Но там, где разрывался обруч, где выбивалась крышка - там Дементьев не понимал, о чём можно толковать? Там вступало сердце и зрение Твардовского. Так сорвалось у Дементьева с "Иваном Денисовичем": впечатления бессонной ночи и двойного чтения были слишком сильны над Твардовским, чтобы рывку его поэтического и мужицкого чувства Дементьев отважился противостать.
Впрочем, это тоже всё годами позже я узнал и понял. А тогда только чувствовал в Дементьеве врага. Я ещё не понимал, что главное обсуждение "Матрёны" уже состоялось между ними двумя, дома, втихую, что на этот раз второй Саша уже одолел первого. Одолел редактора, но не мог заглушить чувства в поэте. И Твардовский, обречённый отказать мне, мучился и для того и кликал второго Сашу за стол ничего не решающего обсуждения, чтоб тот помог разобраться в его собственном смятении и объяснить мне, почему рассказ о Матрёне ни в коем, ни в коем случае не может быть напечатан. (Как будто я им это предлагал! Я принёс рассказ, чтоб только откупиться от расспросов). Но ушёл Дементьев, не помог - и досталось Твардовскому "обсуждать" самому - при трёх молчащих сотрудниках редакции и моих редких слабых ответах. Почти три часа длилось это обсуждение - монолог Твардовского.
Это была сбивчивая, растерянная и сердечная речь. (Сидевшая среди нас Берзер говорила мне потом, что за все годы в "Новом мире" не помнила, не слышала Твардовского таким.)
Он делал круг над рассказом и потом круг общих рассуждений, и опять над рассказом, и опять - общих рассуждений. Художник истинный, он не мог упрекнуть меня, что здесь неправда. Но признать, что это и есть правда в полноте, - подрывало его партийные, общественные убеждения.
Да не первый же раз, да сколько раз уже, конечно, он переживал это разрушительное душевное столкновение, только может быть не сходилось таким острым клином!
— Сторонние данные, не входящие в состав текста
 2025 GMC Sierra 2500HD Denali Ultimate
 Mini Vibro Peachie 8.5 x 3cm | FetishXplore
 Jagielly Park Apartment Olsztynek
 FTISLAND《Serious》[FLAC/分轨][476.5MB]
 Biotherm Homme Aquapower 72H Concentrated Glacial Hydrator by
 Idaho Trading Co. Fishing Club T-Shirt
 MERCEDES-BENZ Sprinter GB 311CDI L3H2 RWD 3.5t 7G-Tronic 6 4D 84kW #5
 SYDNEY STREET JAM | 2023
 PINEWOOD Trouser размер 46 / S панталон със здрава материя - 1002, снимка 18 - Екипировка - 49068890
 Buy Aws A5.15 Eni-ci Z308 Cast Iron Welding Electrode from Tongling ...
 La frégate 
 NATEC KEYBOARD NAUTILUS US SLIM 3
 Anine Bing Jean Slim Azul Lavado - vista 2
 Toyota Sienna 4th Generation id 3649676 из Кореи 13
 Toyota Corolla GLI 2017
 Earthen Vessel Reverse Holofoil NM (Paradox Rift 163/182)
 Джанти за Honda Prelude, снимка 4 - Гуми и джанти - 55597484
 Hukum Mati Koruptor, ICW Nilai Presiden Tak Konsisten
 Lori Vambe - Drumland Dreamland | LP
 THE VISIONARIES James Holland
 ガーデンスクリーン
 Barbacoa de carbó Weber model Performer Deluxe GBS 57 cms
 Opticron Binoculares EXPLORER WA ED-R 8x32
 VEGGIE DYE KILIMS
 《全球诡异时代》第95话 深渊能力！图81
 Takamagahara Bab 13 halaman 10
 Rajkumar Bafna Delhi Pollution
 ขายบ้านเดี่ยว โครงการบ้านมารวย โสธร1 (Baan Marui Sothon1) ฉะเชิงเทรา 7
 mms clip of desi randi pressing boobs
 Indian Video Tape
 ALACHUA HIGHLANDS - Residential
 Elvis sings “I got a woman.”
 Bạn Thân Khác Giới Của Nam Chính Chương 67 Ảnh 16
Он и жил-то единственным истоком: русской литературой - с тех первых некрасовских стихов, заученных босоногим мальчишкой, и со своего первого стихотворения, написанного в тринадцать лет. Он предан был русской литературе, её святому подходу к жизни. И хотелось ему быть только - как те, Пушкин и кто за ним. Повторяя Есенина, он охотно бы умер от счастья, сподобленный пушкинской судьбе. Но не тот был век, и всеми и всюду была признана и в каждого внедрена, - а тем более в главного редактора, другая, более важная истина - партийная. Направлять сегодня русскую литературу, помогать ей он не мог бы без партийного билета. А партийный билет он не мог носить неискренно. И, как воздух, нужно было ему, чтоб эти две правды не раздваивались, а сливались. (Потому вскоре он так полюбит и приблизит Лакшина, что тот сумеет ладить между этими двумя правдами, сумеет пластично переходить от одной к другой, не выявляя трещины.) Всякую рукопись полюбив сперва чувством первым, Твардовский непременно должен был провести её через второе чувство и лишь тогда печатать - как произведение советское.